Almost Have Threads Working for HTTP Scan

Eddie Corns eddie at holyrood.ed.ac.uk
Thu Jul 1 13:20:52 EDT 2004


Some observations:

Since every worker thread is creating another thread for each host you will
end up with 65,535 threads all active, that seem overkill to me.

On closer inspection it's going to be massively skewed towards thread 1, since
it could simply empty the entire url_queue before the others get started.

I presume the network section isn't finished since it's only actually scanning
255 addresses.

Wouldn't it be enough to just try and connect to ports 80,8080, (etc.), using
just a socket?

Why not use seperate queues for failures and successes (not sure what the
failures gives you anyway?)

As for it hanging, I'm guessing most of the threads are sitting on 
   url = url_queue.get()
the exception will never happen on a blocking get().
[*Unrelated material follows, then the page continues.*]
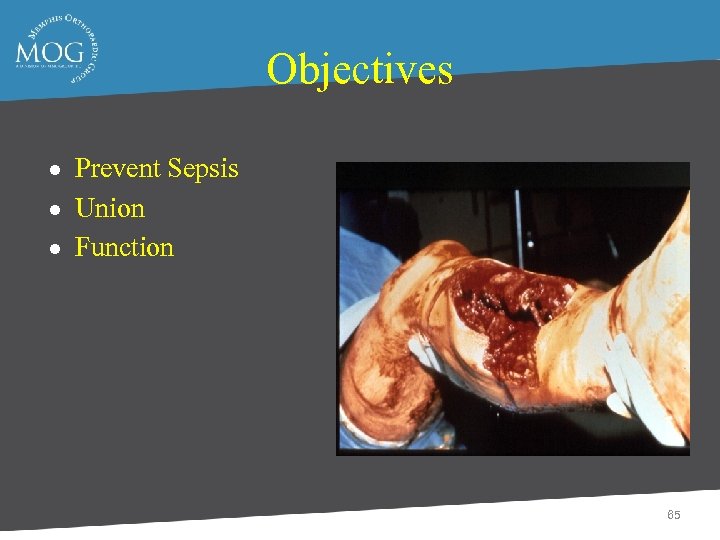 Objectives Prevent Sepsis ● Union ● Function ● 65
How about a simpler approach of creating 256 threads (one per subnet) each of
which scans its own subnet sequentially.

def test_http (subnet):
    for i in range(256):
        ip='192.168.%d.%d'%(subnet,i)
	x = probe (ip)    ; returns one of 'timeout','ok','fail'
	Qs[x].put(ip)

Qs = {'timeout':Queue.Queue(),'ok':Queue.Queue(),'fail':Queue.Queue()}
for subnet in range(256):
    workers.append (.. target=test_http, args=(subnet,) )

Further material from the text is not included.